Hey we want to make it better; let's not make it worse! 

Why present something that has been proven to cause harm? 

R/r 911


----------



## Airwaygoddess (Mar 8, 2008)

Rid, It was not my point to make this harder, The idea was if folks wanted to talk about it, it was a very hard call, this could be an option.  Part of any learning process includes learning new coping  mechanisms.  Respectfully submitted, not as an argument, but as an idea. -_-


----------



## ErinCooley (Mar 12, 2008)

As the mom of a recently deceased 3 year old (she died in a tractor accident with my hubby driving) AND an EMT-i student ( I was 1 week from finishing my first quarter when the accident happened), I suggest going ahead with the training.


----------



## LucidResq (Mar 12, 2008)

ErinCooley said:


> As the mom of a recently deceased 3 year old (she died in a tractor accident with my hubby driving) AND an EMT-i student ( I was 1 week from finishing my first quarter when the accident happened), I suggest going ahead with the training.

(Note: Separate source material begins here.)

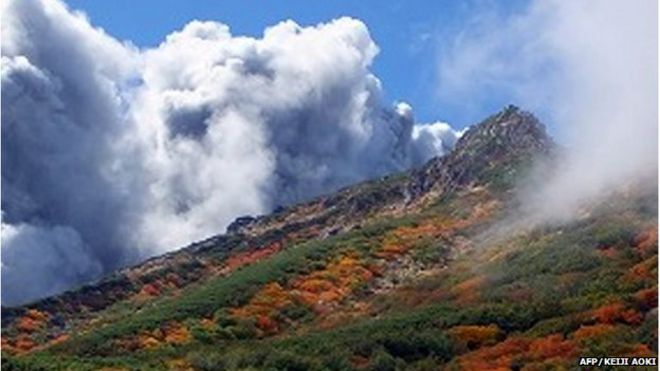 Дым от извержения поднимается с горы Онтаке (27 сентября 2014 года)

I am so incredibly sorry for your loss. I can't even imagine how difficult this must be for you, your husband, and the rest of your family.


----------



## BossyCow (Mar 13, 2008)

Airwaygoddess said:


> Rid, It was not my point to make this harder, The idea was if folks wanted to talk about it, it was a very hard call, this could be an option.  Part of any learning process includes learning new coping  mechanisms.  Respectfully submitted, not as an argument, but as an idea. -_-



This was a multi-agency response, there was a CISD on the call.


----------